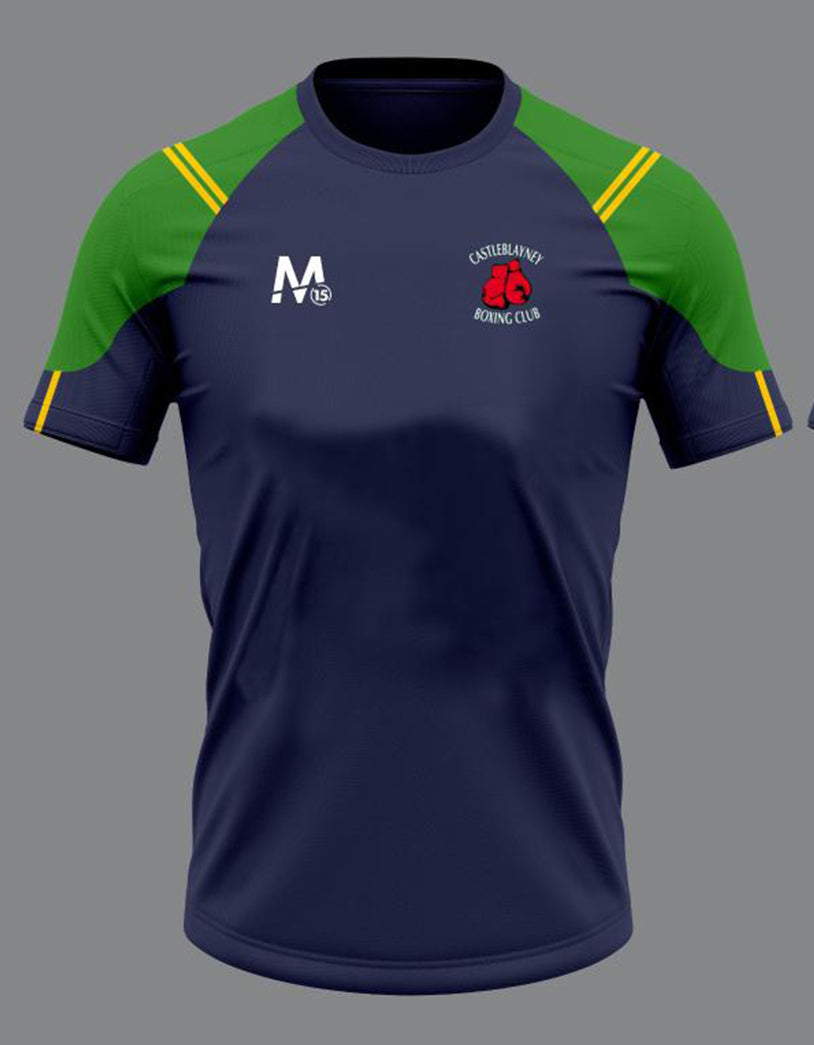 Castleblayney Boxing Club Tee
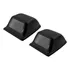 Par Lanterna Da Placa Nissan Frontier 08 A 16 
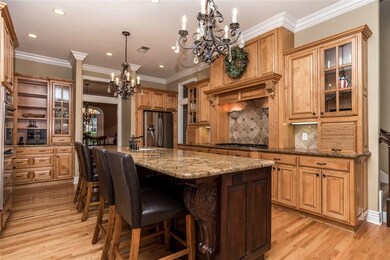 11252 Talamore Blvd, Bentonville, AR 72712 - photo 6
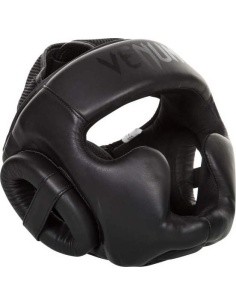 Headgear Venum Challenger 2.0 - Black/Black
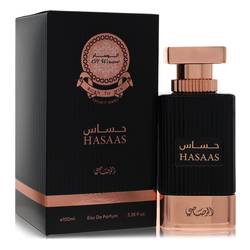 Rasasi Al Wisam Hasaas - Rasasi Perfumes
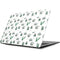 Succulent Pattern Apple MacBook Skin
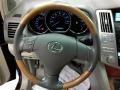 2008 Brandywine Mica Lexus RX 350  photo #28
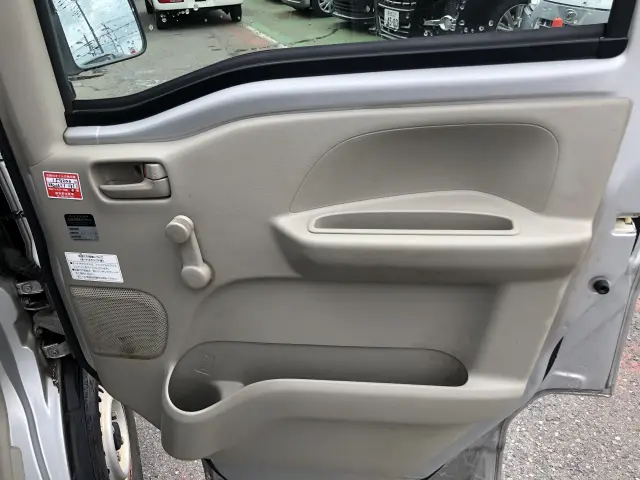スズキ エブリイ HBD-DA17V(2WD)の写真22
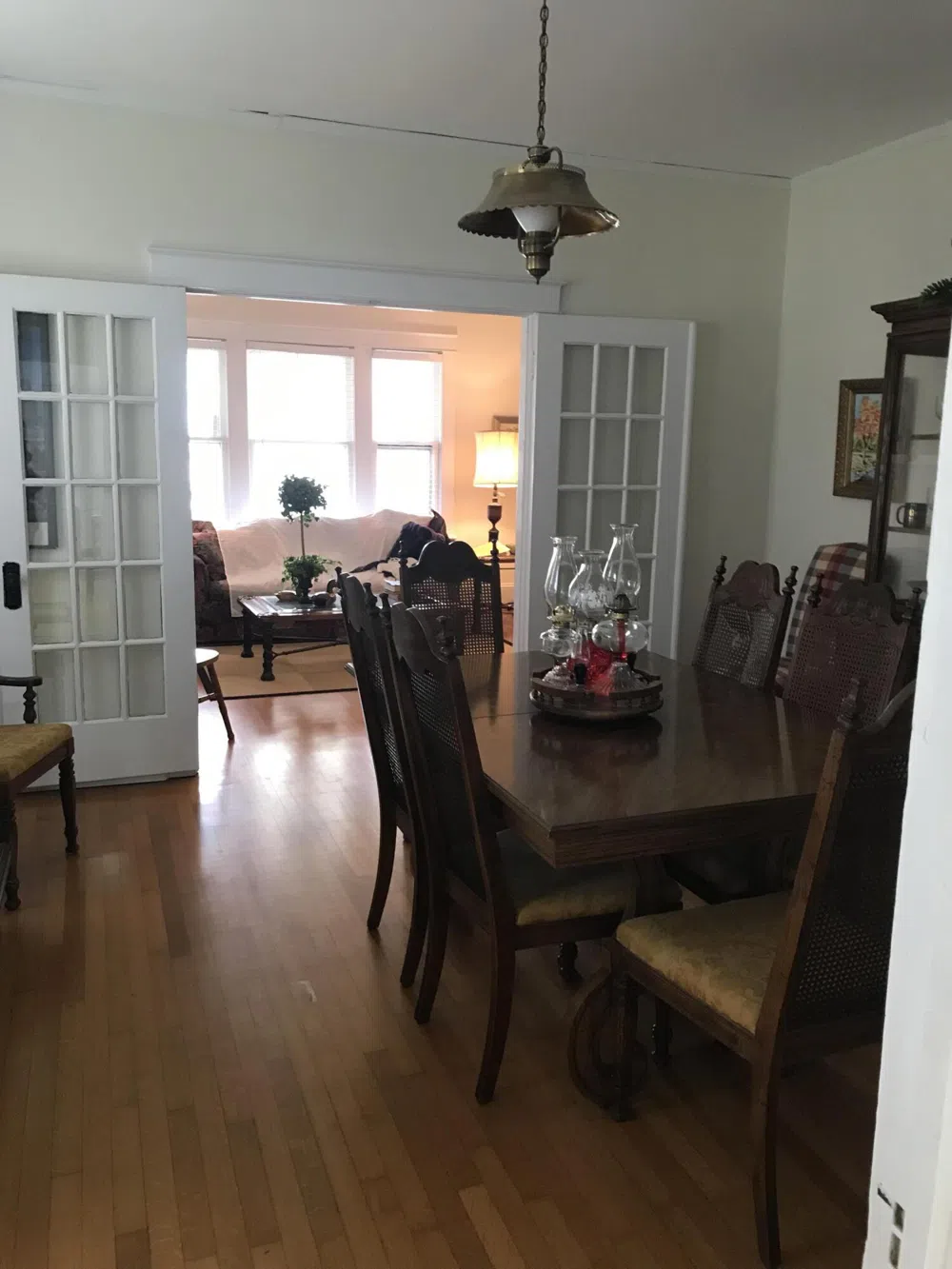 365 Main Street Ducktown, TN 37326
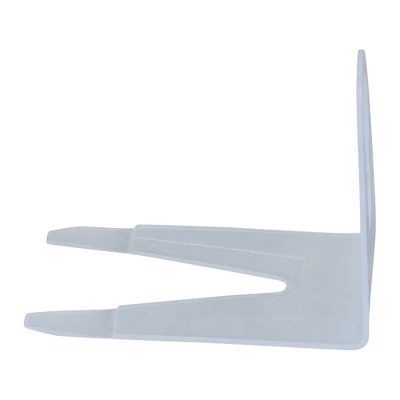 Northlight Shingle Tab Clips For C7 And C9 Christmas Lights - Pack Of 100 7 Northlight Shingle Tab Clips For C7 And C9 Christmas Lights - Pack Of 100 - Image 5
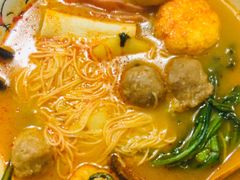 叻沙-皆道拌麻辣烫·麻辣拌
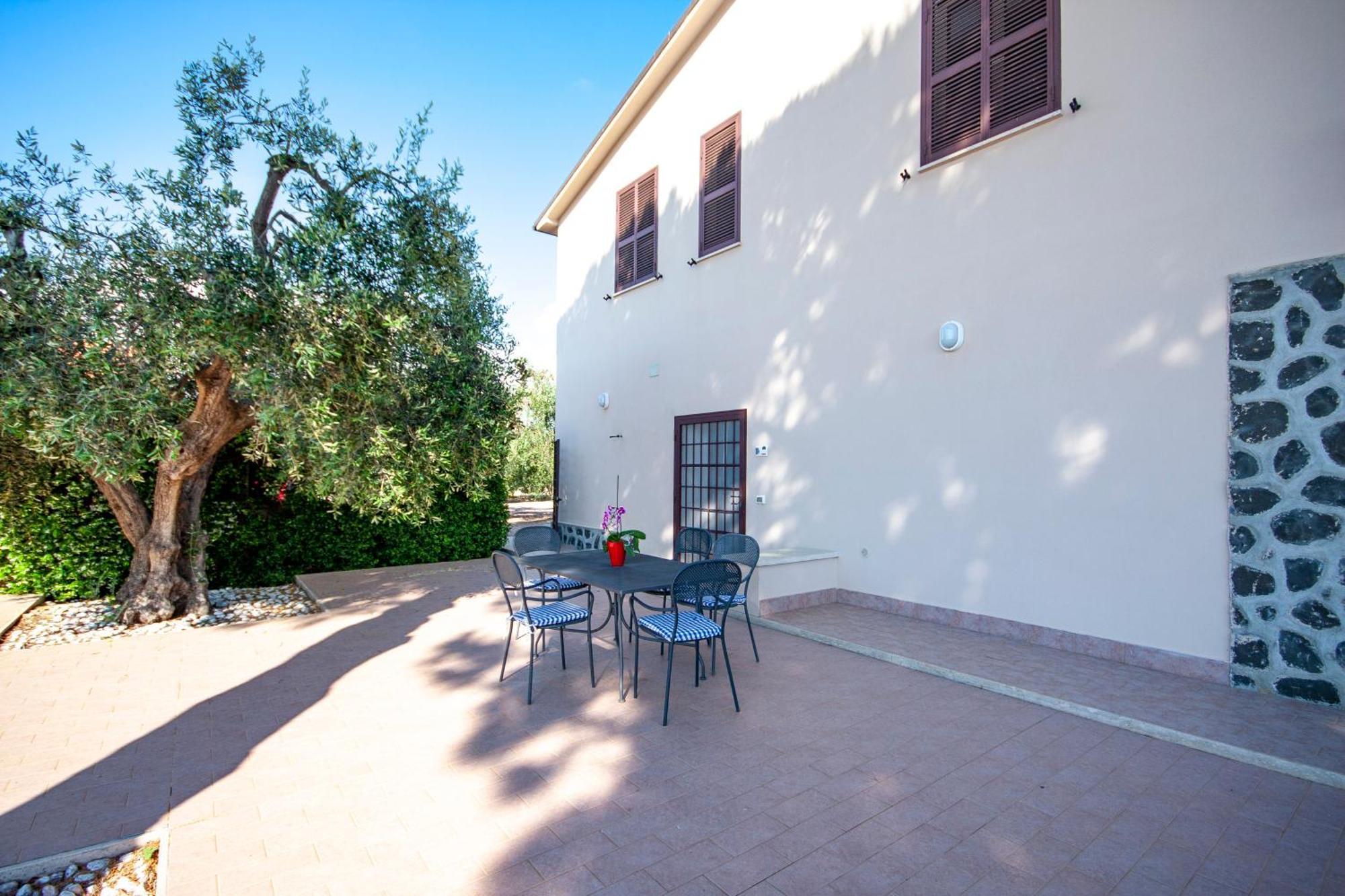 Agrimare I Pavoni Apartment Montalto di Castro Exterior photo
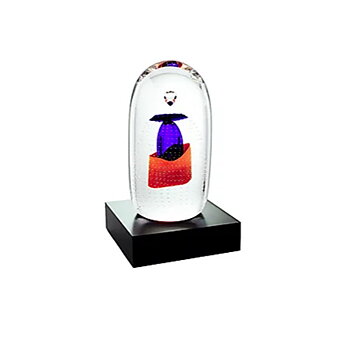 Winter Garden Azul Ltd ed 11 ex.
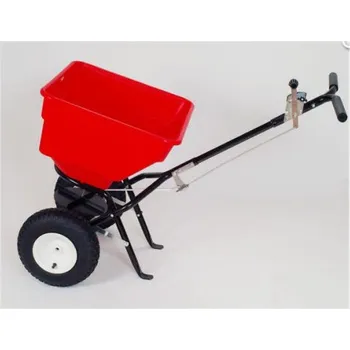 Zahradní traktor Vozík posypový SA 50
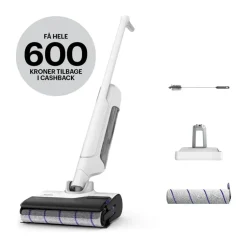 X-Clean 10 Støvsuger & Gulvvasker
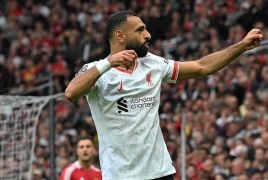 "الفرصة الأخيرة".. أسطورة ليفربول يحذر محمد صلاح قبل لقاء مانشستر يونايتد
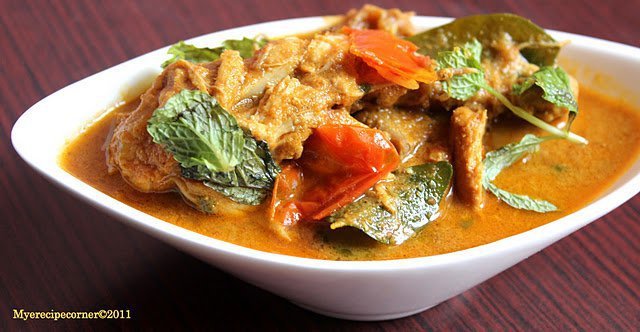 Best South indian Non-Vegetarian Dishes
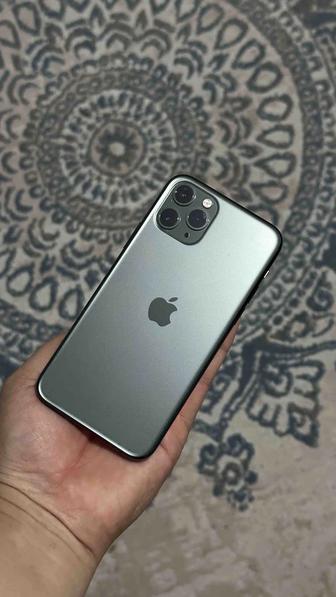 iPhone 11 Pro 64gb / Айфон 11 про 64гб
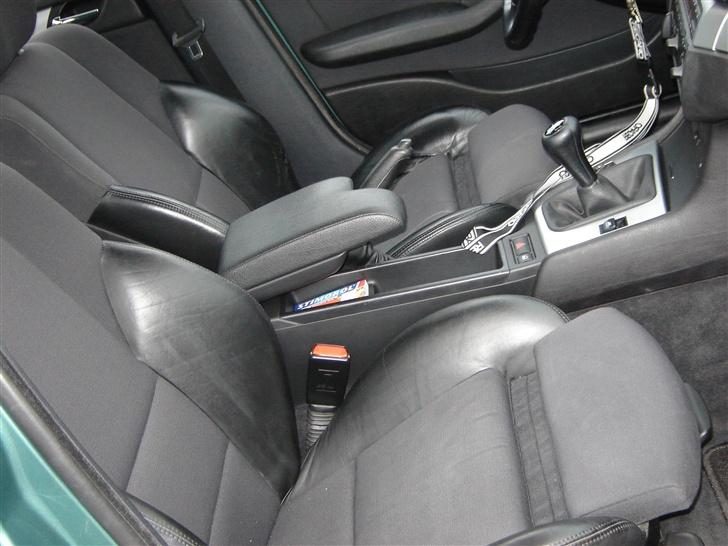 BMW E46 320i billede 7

+++

Aim of the task
Print, exactly and only, the lines running from the line with "Agrimare I Pavoni" through the last line of the data, including both. Skip any picture.

Output below
 Agrimare I Pavoni Apartment Montalto di Castro Exterior photo
 Winter Garden Azul Ltd ed 11 ex.
 Zahradní traktor Vozík posypový SA 50
 X-Clean 10 Støvsuger & Gulvvasker
 "الفرصة الأخيرة".. أسطورة ليفربول يحذر محمد صلاح قبل لقاء مانشستر يونايتد
 Best South indian Non-Vegetarian Dishes
 iPhone 11 Pro 64gb / Айфон 11 про 64гб
 BMW E46 320i billede 7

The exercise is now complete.